Können Sie das an einem Beispiel verdeutlichen?
Nehmen wir das Jobcenter für Langzeitarbeitslose, das die Stadt gemeinsam mit der Arbeitsagentur betreibt: Was dort den Menschen als Integrationshilfen angeboten wird, ist heute zielgenauer und passt besser auf die Bedürfnisse der Menschen. Auch die Jugendhilfe ist heute besser mit dem Jobcenter und der Bundesagentur für Arbeit vernetzt, um früher ansetzen zu können, dass Menschen nicht auf soziale Transferleistungen angewiesen sind. Wir praktizieren das in Hagen sogar schon länger als es die Sozialreformen der Agenda 2010 gibt. Wir hatten mit Gründung des Fachbereiches fünf kleine Sozial-Rathäuser in Hagen geschaffen, um vor Ort die Hilfen zu verzahnen. Die mussten wir durch die gesetzliche Neuregelung 2005 dann aber leider wieder abschaffen.
Apropos Agenda 2010: Sie sind privat SPD-Mitglied. Wie fanden und finden Sie Gerhard Schröders Reformpolitik?
Ich bin seit den 70-er Jahren SPD-Mitglied. Ich war damals ein klassischer Willy-Brandt-Wähler. Ich bin auch schon lange Gewerkschafter - in der früheren ÖTV, heute bei Verdi. Das hat sicherlich auch mit meinem generellen frühen Interesse für das Soziale zu tun, das sich in der Ausbildungszeit bei der Stadt und durch Jugendarbeit in der Gewerkschaft vertieft hat. Bei den Hartz-IV-Reformen habe ich allergrößtes Verständnis für die Ängste und den Frust der Betroffenen, die mit Hartz IV einen plötzlichen Abstieg verkraften müssen. Aber die Reformen sind einher gegangen mit einer neuen Art der Förderung und Integrationshilfe. Wenn sich der Einzelne darauf einlässt, erhält er eine bessere individuelle Förderung. Dass dieses System in der Praxis an Grenzen stößt, liegt vor allem an fehlenden Arbeitsplätzen und Ausbildungsplätzen, auch im öffentlich geförderten Bereich.
Sie haben dies als Fachbereichsleiter alles umsetzen müssen…
Ja, und manche gesetzliche Regelung hätten wir uns in der Praxis auch anders gewünscht. Mit den Jugendamtsleitern der Großstädte in Deutschland habe ich oft gefordert: Statt eines höheren Kindergeldes und eines Betreuungsgeldes benötigen wir finanzielle Hilfen für präventive Arbeit. Wir brauchen das Geld für die Verbesserung der Infrastruktur und Beratungsangebote vor Ort. Da gibt es so viele Aufgaben.

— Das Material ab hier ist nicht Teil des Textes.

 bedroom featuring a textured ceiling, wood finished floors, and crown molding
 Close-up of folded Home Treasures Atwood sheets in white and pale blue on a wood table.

Weil es heute mehr „Klienten” des Sozial-Fachbereichs gibt als in Ihrer Anfangszeit zu Beginn der 70-er Jahre?
Ja, wir sind aber auch aufmerksamer geworden, daher ist die Zahl derer gestiegen, die wir als ressourcenarm bezeichnen. Das heißt oft, nicht nur arm an materiellen Mitteln, sondern auch an Bildung und Möglichkeiten der Teilhabe. Diese Verknüpfung wird verstärkt, wenn auch noch der Verlust der Arbeit eingetreten ist. Dann ist es insbesondere für Familien mit Kindern schwerer, aus dieser Lebenslage herauszukommen.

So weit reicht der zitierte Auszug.